Some Christmas thoughts. I'm trying to find a quote in Waugh's letters. For now:


And this: a Prayer for the Magi:

“ ‘Like me,’ writes Waugh, ‘you were late in coming. The shepherds were here long before. Even the cattle, they had joined the chorus of angels before you were on your way. For you, the primordial discipline of the heavens was relaxed, and a new defiant light blazed amid the disconcerted stars. How laboriously you came, taking sights and calculating where the shepherds are run barefoot. How odd you looked on the road attended by what outlandish liveries laden with such preposterous gifts. You came at length to the final stage of your pilgrimage and the great star stood still above you, and what did you do? You stopped to call on King Herod with a deadly exchange of compliments which there began that unending war of mobs and magistrates against the innocent. Yet, still, you came and were not turned away. You, too, found room before the manger. Your gifts were not exactly needed, but they were accepted and put carefully by, for they were brought with love. In that new order of charity that had just come to life, there was room for you, too. You were not lower in the eyes of the holy family than the ox or the ass. You were my special patrons and the patrons of all late comers, of all who have a tedious journey to make to the obscure truth, of all who are confused with knowledge and speculation, of all who, through politeness, make themselves partners in guilt, of all who stand in danger by reason of their talent. For him, who did not reject your curious gifts, pray always for all the learned, the oblique, the delegate. Let them not quite be forgotten at the throne of God when the end comes to their kingdom.’ ”

UPDATE: Found it shorter and neater in the letters. Not an easy book to find things in. In this case, not included in references to book about Helena (from which the prayer comes), no reference in index to Gospels or Magi. Now I see I should have looked under Epiphany. Sigh.

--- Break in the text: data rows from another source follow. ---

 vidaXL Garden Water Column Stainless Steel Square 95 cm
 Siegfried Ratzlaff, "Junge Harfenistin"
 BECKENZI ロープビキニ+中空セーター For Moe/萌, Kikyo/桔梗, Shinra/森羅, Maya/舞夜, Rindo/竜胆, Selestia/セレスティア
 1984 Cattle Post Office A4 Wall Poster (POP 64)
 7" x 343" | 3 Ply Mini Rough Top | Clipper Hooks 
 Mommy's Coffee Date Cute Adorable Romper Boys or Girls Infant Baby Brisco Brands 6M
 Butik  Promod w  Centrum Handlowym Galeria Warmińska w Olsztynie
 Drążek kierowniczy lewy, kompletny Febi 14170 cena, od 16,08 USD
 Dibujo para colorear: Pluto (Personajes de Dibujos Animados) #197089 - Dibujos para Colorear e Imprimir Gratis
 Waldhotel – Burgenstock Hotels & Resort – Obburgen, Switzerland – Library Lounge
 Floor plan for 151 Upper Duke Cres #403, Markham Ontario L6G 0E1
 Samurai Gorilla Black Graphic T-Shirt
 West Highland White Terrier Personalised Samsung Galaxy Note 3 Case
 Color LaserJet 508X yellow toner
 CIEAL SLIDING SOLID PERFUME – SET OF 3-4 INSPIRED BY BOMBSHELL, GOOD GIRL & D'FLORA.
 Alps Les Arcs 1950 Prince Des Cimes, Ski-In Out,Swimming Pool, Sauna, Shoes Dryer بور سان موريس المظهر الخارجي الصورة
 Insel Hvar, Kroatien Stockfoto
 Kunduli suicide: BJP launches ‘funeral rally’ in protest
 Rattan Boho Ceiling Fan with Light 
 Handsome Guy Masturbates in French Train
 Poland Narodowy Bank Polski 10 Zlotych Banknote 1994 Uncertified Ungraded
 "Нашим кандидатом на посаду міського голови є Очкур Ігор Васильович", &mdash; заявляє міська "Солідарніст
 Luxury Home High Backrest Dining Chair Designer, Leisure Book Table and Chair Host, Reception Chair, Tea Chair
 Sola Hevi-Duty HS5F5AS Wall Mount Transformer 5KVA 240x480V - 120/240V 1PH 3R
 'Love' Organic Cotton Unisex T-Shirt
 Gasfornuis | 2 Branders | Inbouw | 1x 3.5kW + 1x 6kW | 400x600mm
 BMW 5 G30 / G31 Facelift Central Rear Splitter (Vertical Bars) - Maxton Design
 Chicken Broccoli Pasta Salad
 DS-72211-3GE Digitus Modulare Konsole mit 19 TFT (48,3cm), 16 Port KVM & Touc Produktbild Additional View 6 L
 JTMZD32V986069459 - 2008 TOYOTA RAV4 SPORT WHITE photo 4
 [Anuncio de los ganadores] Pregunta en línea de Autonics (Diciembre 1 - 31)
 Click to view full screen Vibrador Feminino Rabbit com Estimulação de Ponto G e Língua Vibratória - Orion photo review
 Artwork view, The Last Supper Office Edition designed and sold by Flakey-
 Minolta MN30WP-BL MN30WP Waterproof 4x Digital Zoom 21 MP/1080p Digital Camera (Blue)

To Laura Waugh, January 9, 1945 (Evelyn still at war):

[blockquote]Have you ever considered how the Epiphany is the feast of artists. I thought so very strongly this year. After St. Joseph and the angels and the shepherds and even the ox and the ass have had their share of the crib, twelve days later appears an exotic caravan with negro pages and ostrich plumes. They have come an enormous journey across a desert and the splendid gifts look much less splendid than they did when they were being packed in Babylon. The wise men committed every sort of betise--even asking the way of Herod & provoking the massacre of the innocents--but they got there in the end and their gifts were accepted.[/blockquote]

I have always detested Christmas. Now I shall always celebrate the Epiphany instead.

This is very moving to me. Those of us who pride ourselves on some kind of taste, accomplishment, wisdom, feel compelled to pay homage, do so the best way we can, which turns out to be ridiculous or worse, yet we are accepted.

There are lots of references in the letters to Waugh's hatred of Christmas, especially having a lot of kids around.

Then this, from A Tourist in Africa (1960): The opening:

[blockquote]28th December 1958. On the third day after Christmas we commemorate the massacre of the Holy Innocents. Few candid fathers, I suppose, can regard that central figure of slate in Breughel's painting in Antwerp [i.e. Herod] without being touched by sympathy. After the holly and sticky sweetmeats, cold steel.[/blockquote]

Waugh announces with some pride that he made a point of vacationing, alone, beginning a few days after Christmas, for many years.